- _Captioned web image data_
════════
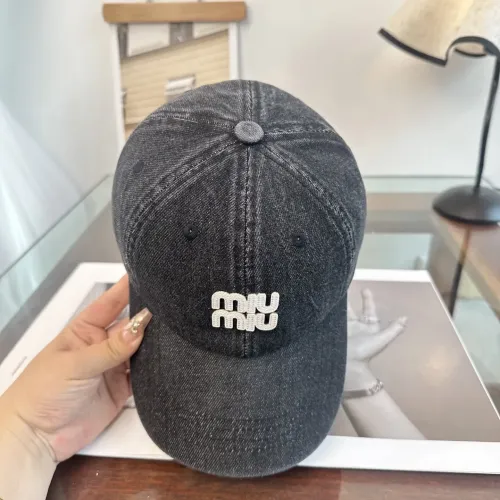 Replica MIU MIU Caps #1461224 $25.00 USD for Wholesale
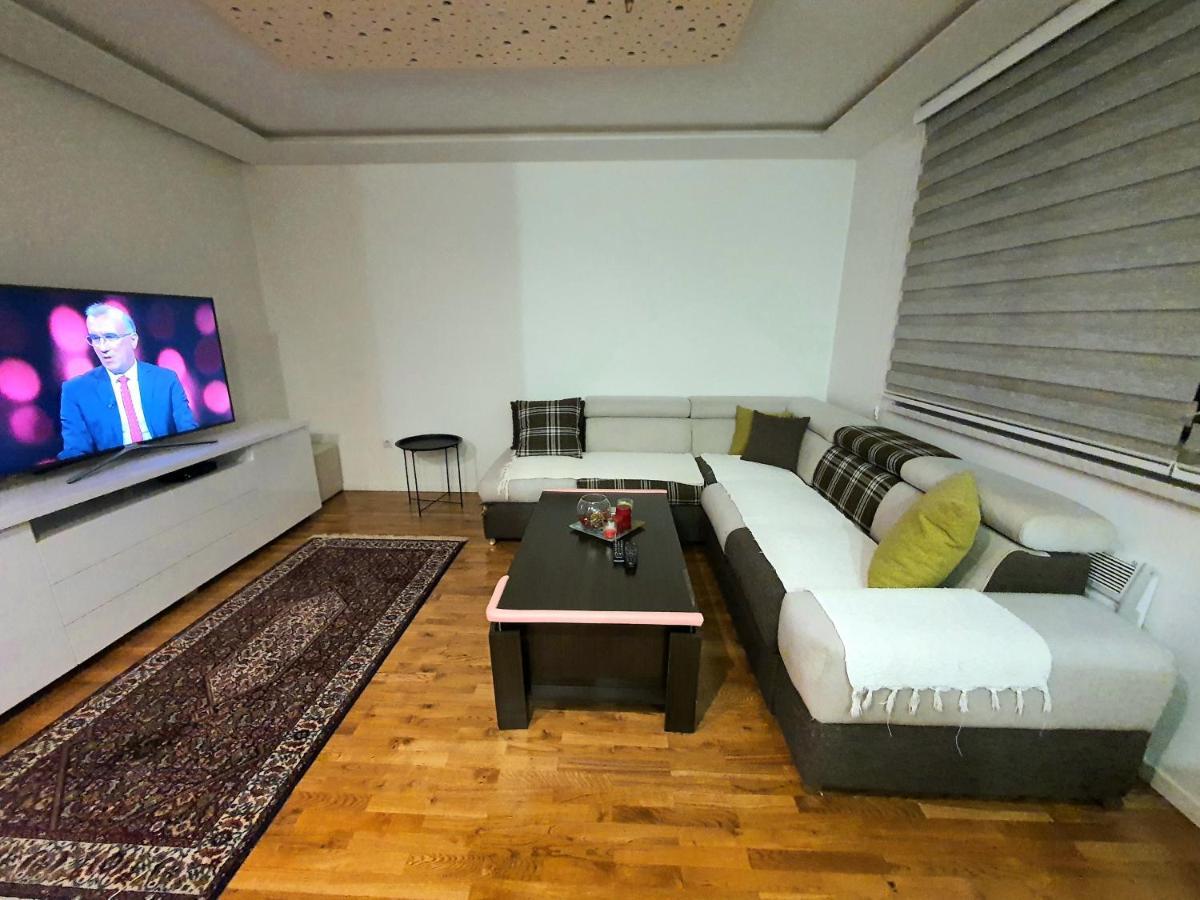 Apartman Amal Aisha,Bascarsija 塞拉耶佛 外观 照片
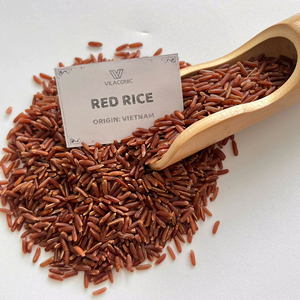 ARROZ ROJO ORGÁNICO VIETNAM NUEVO SUMINISTRO A GRANEL DE CULTIVOS PARA RETAIL & OEM / CELESTE RICE + 84 943 413 098 - Product Image 1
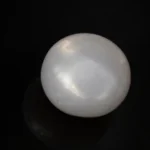 Cultured Pearl Stone (Moti Ratna) 5.31 Carat (5.83 Ratti) - Top view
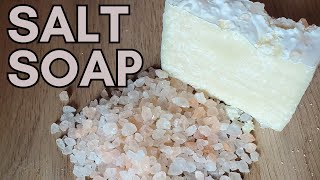 Himalayan Salt Soap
════════
- _What is being asked_
Although the records hold pictures, return only what remains, word for word.

- _Exercise output_
 Replica MIU MIU Caps #1461224 $25.00 USD for Wholesale
 Apartman Amal Aisha,Bascarsija 塞拉耶佛 外观 照片
 ARROZ ROJO ORGÁNICO VIETNAM NUEVO SUMINISTRO A GRANEL DE CULTIVOS PARA RETAIL & OEM / CELESTE RICE + 84 943 413 098 - Product Image 1
 Cultured Pearl Stone (Moti Ratna) 5.31 Carat (5.83 Ratti) - Top view
 Himalayan Salt Soap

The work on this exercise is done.